Every once in a while, we decide that we’re going to stop eating junk and chance our whole diet to fit our weight or health goals. We cut off on the hamburgers, the ice-cream, and the fat food, and go full power on the spinach, the kale smoothies, and we even throw some quinoa in that equation. But soon enough, here we find ourselves again, eating our weight in cheese or chocolate as a midnight snack while watching too many episodes of Friends (or is that just me?)
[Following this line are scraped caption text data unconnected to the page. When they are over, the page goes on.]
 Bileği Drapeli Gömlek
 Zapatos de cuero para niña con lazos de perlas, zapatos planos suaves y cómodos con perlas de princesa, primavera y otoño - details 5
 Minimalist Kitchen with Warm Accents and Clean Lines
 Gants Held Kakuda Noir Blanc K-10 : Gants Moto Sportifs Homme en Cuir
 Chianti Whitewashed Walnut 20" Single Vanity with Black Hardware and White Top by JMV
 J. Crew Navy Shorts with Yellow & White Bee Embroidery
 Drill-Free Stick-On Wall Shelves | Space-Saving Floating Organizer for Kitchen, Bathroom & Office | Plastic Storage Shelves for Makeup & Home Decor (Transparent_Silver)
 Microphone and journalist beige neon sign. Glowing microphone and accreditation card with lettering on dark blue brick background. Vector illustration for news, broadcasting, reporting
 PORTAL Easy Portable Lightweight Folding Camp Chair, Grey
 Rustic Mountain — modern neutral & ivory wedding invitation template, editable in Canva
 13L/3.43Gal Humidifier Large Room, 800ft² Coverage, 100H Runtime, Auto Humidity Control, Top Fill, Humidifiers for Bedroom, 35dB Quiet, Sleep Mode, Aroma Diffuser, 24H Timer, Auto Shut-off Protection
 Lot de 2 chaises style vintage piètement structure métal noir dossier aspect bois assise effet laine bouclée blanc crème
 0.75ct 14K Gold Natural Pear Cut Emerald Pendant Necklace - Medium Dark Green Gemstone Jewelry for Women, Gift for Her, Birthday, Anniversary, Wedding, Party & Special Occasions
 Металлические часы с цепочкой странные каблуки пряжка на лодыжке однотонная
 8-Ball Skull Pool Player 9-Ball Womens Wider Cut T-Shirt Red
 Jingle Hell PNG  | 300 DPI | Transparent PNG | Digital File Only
The problem with this is that we see healthy eating as a diet, as a mean to an end (losing weight, staying fit, fitting into those jeans etc…), but instead of looking at it that way, why don’t we change our perspective and make healthy eating a way of life? And you know what? You’ll even get to eat chocolate and cake without feeling guilty. Isn’t that amazing?

Why eating healthy?

I mean you could argue that you can spend your whole life eating junk and stay fit if you work out enough. But that’s exactly what’s wrong with this philosophy. Eating healthy is not about being skinnier or staying fit, it’s about living a good life and feeling comfortable.

Healthy eating has many benefits, not only does is help you keep off excessive weight and stay overall physically healthy, it also has great influence on your emotions and mental health.

Indeed, studies have proven that there is a relationship between a Western diet (processed, greasy food, lack of vegetables, overly sweet food) and mental issues such as anxiety, depression, bipolar disorder, and stress.

On the other hand, reducing your refined sugar intake and eating more fruits and vegetables and less carbohydrates (but not cutting them off entirely) has been shown to benefit the mood and mental health of people overall.

Contrary to popular belief, having a healthy diet isn’t difficult, since it’s not all counting calories or depriving yourself from that sweet sweet cake.

And most importantly, remember one thing: this is not a diet, so you don’t have to beat yourself for eating some candy or a pizza, as long as you’re being reasonable and follow certain basic rules.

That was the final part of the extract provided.